Donated Money, and Images of Malnourished Children
Colin went up to distribute the Luganda Bibles at the local village church this morning. (Sunday the 30th Sept) I’ll let him fill you in on that story…
Several months ago I was invited to a small church about 20 minutes walk up the road from NACMU. Part of the reason for being invited was that most of the people there are poor and couldn’t afford to buy Bibles. Uncle Bondi from NACMU already knew that we had been helping many people to get Bibles at a fraction of what they pay at a bookshop. In this case the people needed to buy Luganda versions (local language), as their understanding of English is very limited. But we weren’t able to get them straight away, as they were out of stock. So it’s been a bit of a journey, and also we have been waiting for the people to save their money. But at last we have been able to hand out the first bunch of Bibles – 18 so far – to those who have saved their money. In the photo, the pastor is in the black suit with his wife in the red dress. I think you will be able to pick me!!

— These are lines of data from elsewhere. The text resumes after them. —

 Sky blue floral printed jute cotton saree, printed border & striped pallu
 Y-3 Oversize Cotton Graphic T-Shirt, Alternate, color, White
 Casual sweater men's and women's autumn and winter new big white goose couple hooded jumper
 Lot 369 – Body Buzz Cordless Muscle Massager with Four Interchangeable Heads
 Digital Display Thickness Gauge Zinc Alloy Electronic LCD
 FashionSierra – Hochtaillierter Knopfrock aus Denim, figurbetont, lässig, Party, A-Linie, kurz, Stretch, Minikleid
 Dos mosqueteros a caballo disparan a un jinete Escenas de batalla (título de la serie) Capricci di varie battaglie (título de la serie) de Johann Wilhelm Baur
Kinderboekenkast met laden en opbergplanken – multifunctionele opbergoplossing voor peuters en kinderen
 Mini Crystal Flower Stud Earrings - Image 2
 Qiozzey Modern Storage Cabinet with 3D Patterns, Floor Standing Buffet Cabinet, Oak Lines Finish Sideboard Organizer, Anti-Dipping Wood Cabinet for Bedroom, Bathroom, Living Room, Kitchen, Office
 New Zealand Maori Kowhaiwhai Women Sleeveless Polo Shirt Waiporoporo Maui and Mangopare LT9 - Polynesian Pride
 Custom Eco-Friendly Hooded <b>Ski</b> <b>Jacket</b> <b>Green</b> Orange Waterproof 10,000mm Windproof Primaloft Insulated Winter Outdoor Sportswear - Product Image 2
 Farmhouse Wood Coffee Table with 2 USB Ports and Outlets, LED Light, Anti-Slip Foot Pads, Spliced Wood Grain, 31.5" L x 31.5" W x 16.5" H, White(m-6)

Church People Receiving their Luganda Bibles
Currently we have a leadership group of four people (including myself) that have been meeting with small groups of aunties to talk about spiritual issues. One of the main concerns in African countries is that due to their poverty they can’t afford to buy their own Bibles. As a result, the only spiritual input they get is from the church message on Sunday – if they can get there. Another issue is that often the gospel message is not explained so well, and people are not aware of what it really means to be a born-again Christian. Still another issue is that there are a number of Muslims amongst the aunties and uncles, so we are very keen to talk with them about the Good News.
So interacting about these things has been the introduction point at our meetings, and has given us the opportunity to give to each of them a gospel booklet giving a full explanation of the gospel message. Once we have met with all the uncles and aunties, we are planning to have a Bible study time which will be open to anyone who wants to attend. Please pray that the Spirit of God will help those who need to, to make the right decision, and then to help them grow in their faith as together we study God’s Word.
Well that’s all from us this month. We continue to value your prayers in the things which God is leading us deeper into.